The paper demonstrated diffusion policy on 12 simulated and real-robot manipulation tasks, achieving state-of-the-art results on 11 of them. The real-robot tasks included pushing a T-shaped block, bimanual spreading sauce on a tortilla, and a precision tool-pick task with 1mm placement tolerance.

How Diffusion Policy Works

Training and inference for diffusion policy follow the standard DDPM denoising framework, adapted to action sequences instead of images.

Training

During training, a clean action trajectory a_0 (sampled from the demonstration dataset) is progressively corrupted by adding Gaussian noise across T timesteps (typically T=100) according to a noise schedule. The neural network — either a 1D temporal CNN or a transformer — is trained to predict the noise that was added at each step, given the noisy action, the denoising step index, and the current robot observation (image + proprioception). This is the standard score-matching objective. The network learns to map from (noisy action, timestep, observation) → predicted noise, and the MSE between predicted and true noise is minimized across all training pairs.

Inference

At inference time, the model starts from a pure noise vector of the same dimensionality as an action sequence. It then runs K denoising steps (typically K=10 for DDIM, K=100 for DDPM) — each step calling the neural network to predict the noise component and subtracting it, guided by the current observation. After K steps, the result is a complete action sequence (typically 16–32 steps ahead at 10Hz, or 50–100 steps at 50Hz) that represents a plausible, smooth continuation of the current state.

The observation conditioning is the key architectural choice. Diffusion policy supports two encoder options:

CNN-based (DP-C): A ResNet-18 or ResNet-34 backbone encodes image observations into a feature vector, which is then fused with proprioceptive state and used to condition the denoising CNN. Faster to train and infer; better for single-camera setups.
Transformer-based (DP-T): A ViT-style transformer encodes image tokens and fuses them with proprioception tokens. More expressive for multi-camera setups; slower inference (120ms vs 40ms on RTX 3090).

Receding Horizon Control

A critical implementation detail: diffusion policy uses a receding horizon approach. The policy predicts an action sequence of length Tp (e.g., 16 steps), but only executes the first Ta steps (e.g., 8 steps) before re-planning. This creates a balance between temporal consistency (longer Tp = smoother motions) and reactivity (shorter Ta = faster response to unexpected changes). The ratio Tp/Ta = 2 is the standard default and works well for most manipulation tasks.
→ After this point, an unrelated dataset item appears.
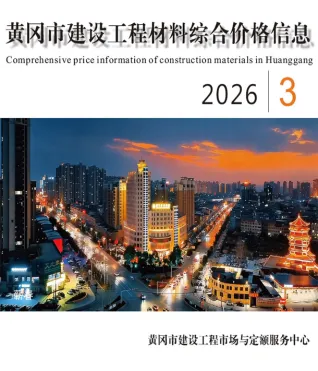 黄冈市造价信息2026年3月取定说明首图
Diffusion Policy vs ACT: A Practical Comparison

Property	Diffusion Policy	ACT (Action Chunking Transformers)
Multimodal action distributions	Excellent — models full distribution	Good — CVAE captures variance but can mode-average
Inference latency (RTX 3090)	40–120ms (DDIM K=10 to K=100)	~10ms (single forward pass)
Training time (50 demos, RTX 3090)	4–8 hours (CNN), 8–16 hours (Transformer)	2–4 hours
Temporal consistency	High — denoising produces smooth trajectories	High — action chunking provides consistency
Bimanual coordination	Good with transformer variant	Excellent — natively designed for ALOHA bimanual
Dexterous hand control (20+ DOF)	Excellent — handles high-dim action spaces well	Moderate — chunk size tuning needed for high DOF
Open-source reference implementation	Yes — diffusion_policy repo (Columbia)	Yes — act repo (Stanford)
LeRobot integration	Yes — native support	Yes — native support

The headline comparison: ACT is faster at inference and easier to train, which makes it better for time-critical systems and teams with limited compute. Diffusion policy handles multimodal demonstrations more naturally and scales better to high-dimensional action spaces like dexterous hands. In practice, for most tabletop manipulation tasks with 50–200 clean demonstrations, performance is comparable. Choose diffusion policy when your demonstrations are naturally varied or your action space exceeds 14 DOF. See our ACT policy guide for a deeper dive into ACT-specific tuning.
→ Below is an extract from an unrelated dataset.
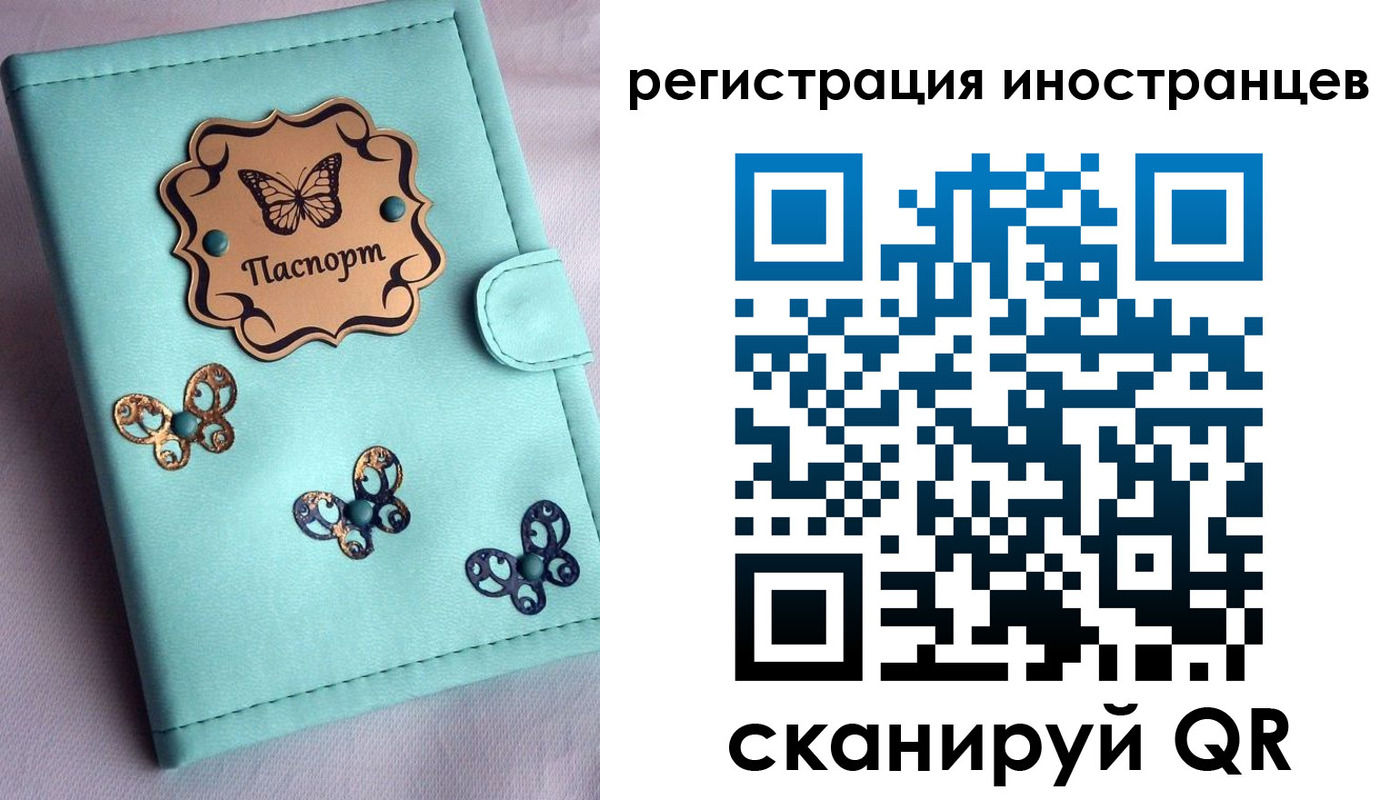 прописка 2025 в Ирбите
Diffusion Policy vs Standard Behavioral Cloning

Standard behavioral cloning (BC) minimizes the MSE between predicted and demonstrated actions. This works when the demonstration dataset is unimodal — when every operator does the task the same way. The problem is that human demonstrations almost never are. When a BC policy sees an observation that appeared in demonstrations with two different subsequent actions, it averages them, producing a motion that is wrong in both cases. This is called the mode-averaging problem.

Diffusion policy avoids mode-averaging because it models the entire conditional distribution p(action | observation) rather than just the conditional mean E[action | observation]. Given the same ambiguous observation, a diffusion policy samples coherently from one mode or the other — never averaging them. This is why the original paper showed the largest improvements over BC on tasks that had the highest demonstration variance: the pushing task (operators pushed the block from different angles) and the bimanual spreading task (operators used different coordination strategies).

Practically, if your task has variance less than 5% in demonstrated trajectories (i.e., all operators do exactly the same thing), BC with a good backbone can match diffusion policy. If your task has natural variance — and most real tasks do — diffusion policy is worth the additional training time.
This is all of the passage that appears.